If you are loading many files with the exact same format, create a template at the end of the wizard process, then save it for future use. Use templates with caution; they do not key off matching field names, but do key off row and column positions. Ensure that when you use a template, your metadata fields and data are in the exact same columns as when your template was made.
Select the file format from the File Format drop-down menu.
Click Preview Data. For local files, you must log into your crop server.
The top left-hand section of your file is now viewable in the preview section. Expand the columns to view the headers.
Select the header position from the Header Position drop-down menu. For all marker, mapset and sample files, the headers must be in the TOP position.
Select the Field header coordinate by clicking the row of the column headers in the file preview. The row number is returned in the Field header coordinate field (0 is the top row).
Click Next to map data to the database fields. The row count starts at 0 as shown in the screenshot above.
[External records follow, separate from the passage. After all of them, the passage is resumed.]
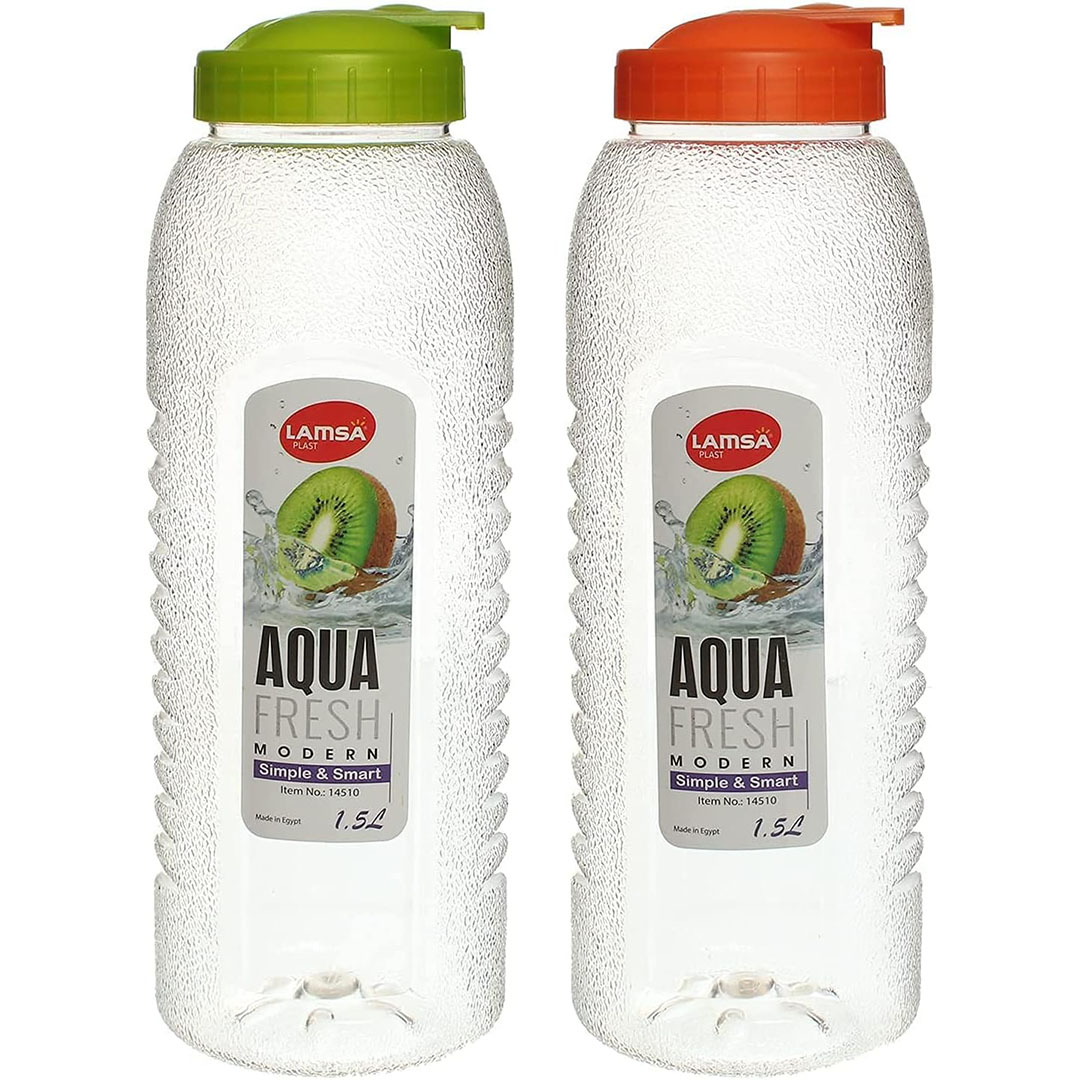 زجاجة مياه بلاستيك اكوا فريش من لمسة بلاست - قطعتين - 1.5 لتر
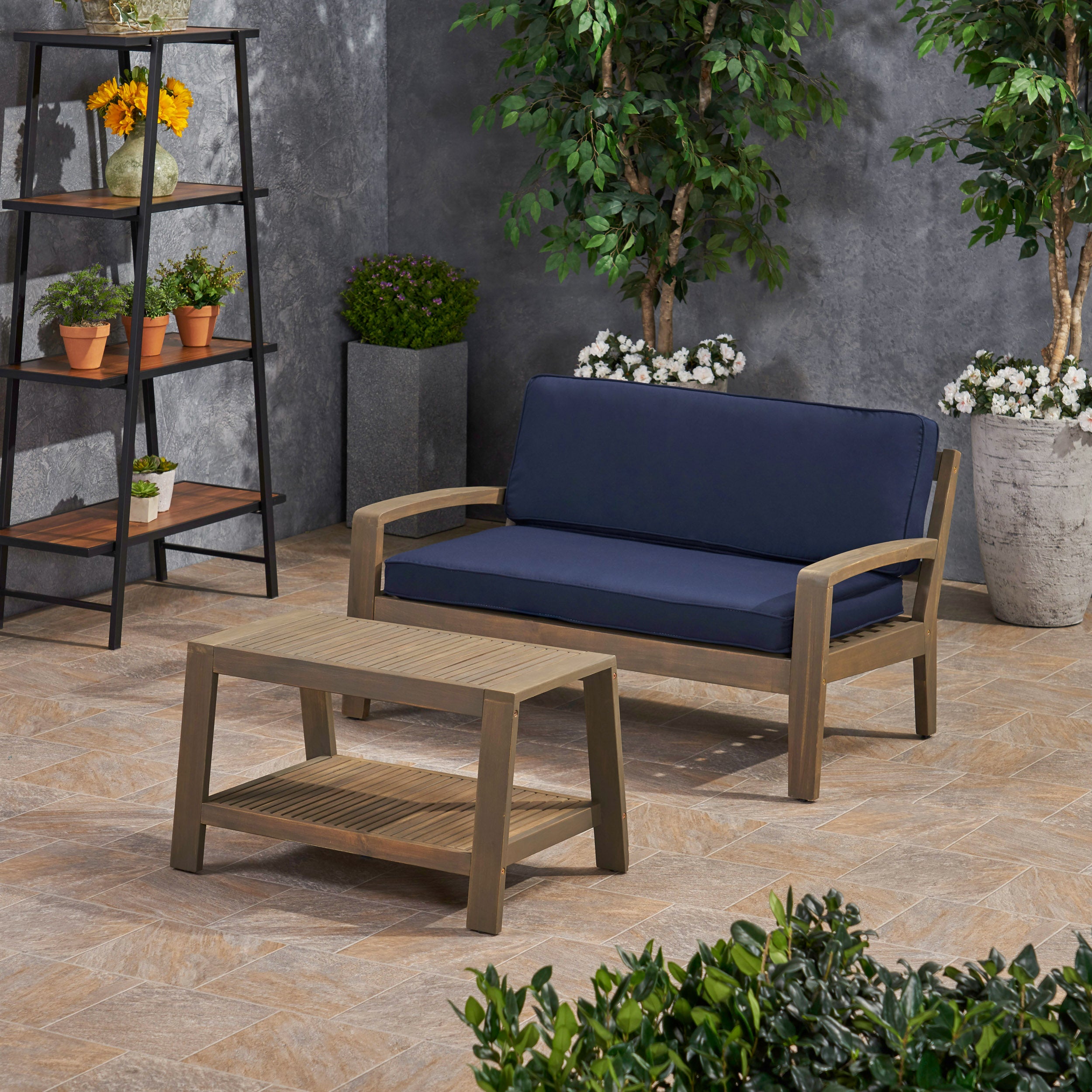 Parma Outdoor Acacia Wood Loveseat and Coffee Table Set with Sunbrella Cushions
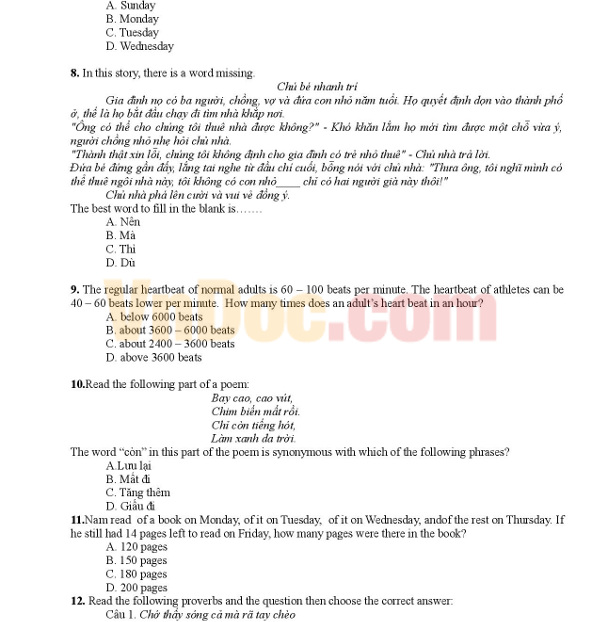 Đề kiểm tra khảo sát lớp 6 môn Tiếng Anh Đề thi tuyển sinh vào lớp 6 môn Tiếng Anh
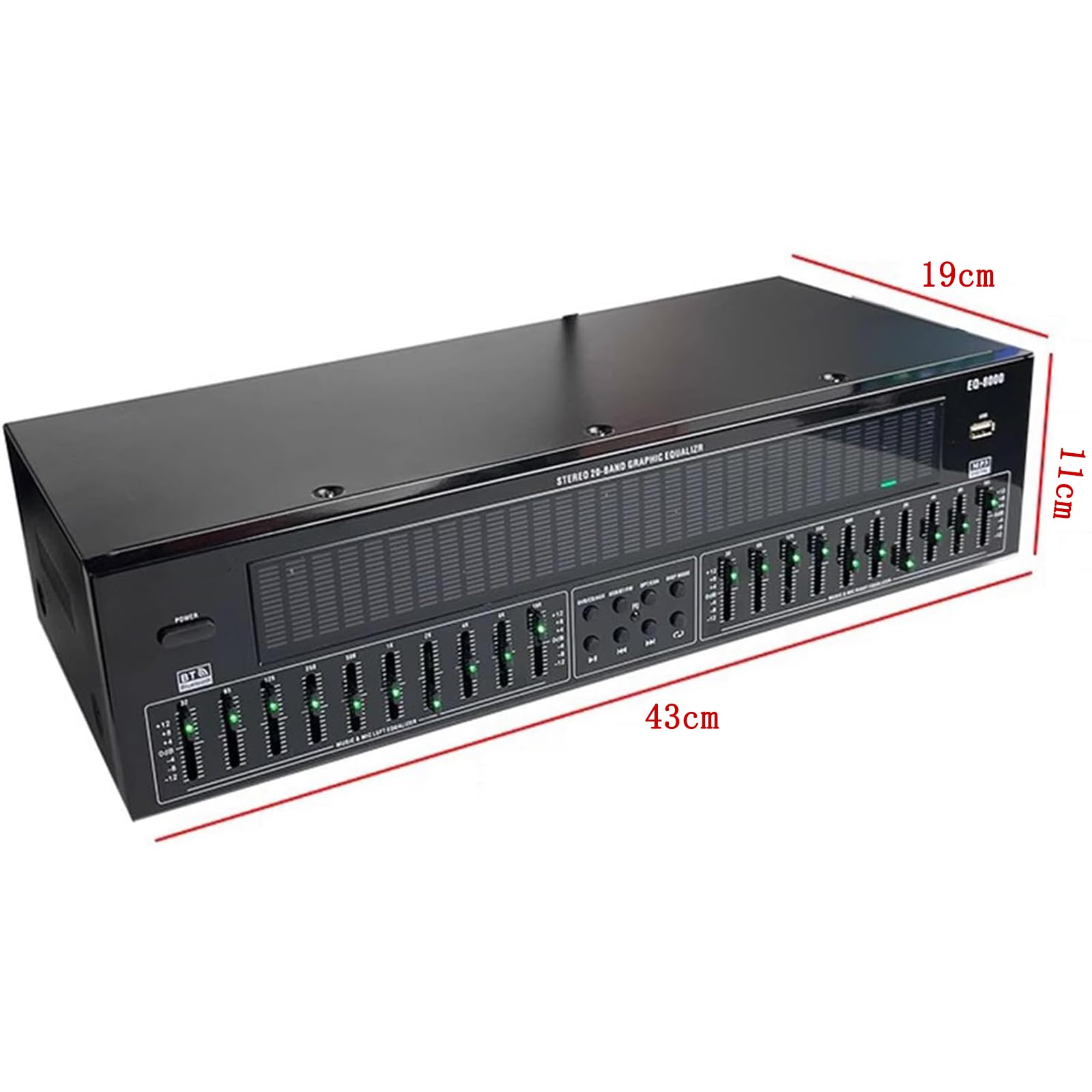 Ecualizador gráfico profesional de 2 canales, ecualizador digital de 31 bandas con pantalla de luz LED, reproducción de disco Bluetooth/U, 12 patrones de ritmo para estudio de grabación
Mapping Germplasm Metadata

The first two tables are mainly for mapping germplasm metadata. Mandatory fields are highlighted with bluish green (cyan) color. The left box shows the terms from your data file.
Drag and drop your germplasm name and germplasm external code from Data file fields to name and external_code respectively in the Germplasm Information table.
If you have information on species_name and type_name of your germplasm, you can drag and drop the information in the same way as shown in the screenshot below:

Note that both germplasm species_name and germplasm type_name are CV terms. Therefore, make sure that the information provided for these two fields in your data files are as described in the CV table.
Use the Property table below Germplam Information table to map the terms related to germpalm properties or metadata.
Drag and drop your additional germplasm fields from Data file fields into the Property field and click Next.
Skip mapping terms to DNA Sample Information table and then click Next.
Click Finish to load the germplasm file to the database. You may need to log into the server to submit the file.

Loading DNA Sample Metadata

Select Wizards | DNA Sample Wizard.
Select PI, Project, and Experiment.
Select file to load. For additional information, refer to Selecting the file to load, above

Mapping DNA Sample Metadata

Click Next without mapping any terms related to Germplasm and go to DNAsample Information table directly.
The mandatory fields for both DNASample Information and DNArun/DS_DNArun Information are highlighted with bluish green (cyan) color. The left box shows the terms from your data file.
Drag and drop your dnasample_name, germplasm_external code, dnasample_UUID, and dnasample_number from Data file fields to name, external_code, number, respectively in the DNAsample Information table.
If you have information on dnasample_platename, dnasample_well_col, dnasample_well_row are available in your data file, you can drag and drop the information in the same way as shown in the screenshot below:
Drag and drop your DNArun_name, dnasample_name, dnasample_number from Data file fields to name, dnasample_name, number, respectively in the DNArun/DS_DNArun Information table.
If you have information on dnasample_platename, dnasample_well_col, dna_well_row are available in your data file, you can drag and drop the information in the same way as shown in the screenshot above.
Use the Property table which is given below DNAsample Information table and DNArun/DS_DNArun Information table to map the terms related to DNA sample and DNArun properties .
Drag and drop your additional germplasm fields from Data file fields into the Property field and click Next.
Skip mapping terms to DNA Sample Information table and just click Next.
Click Finish to load the germplasm file to the database. You may need to login to the server to submit the file.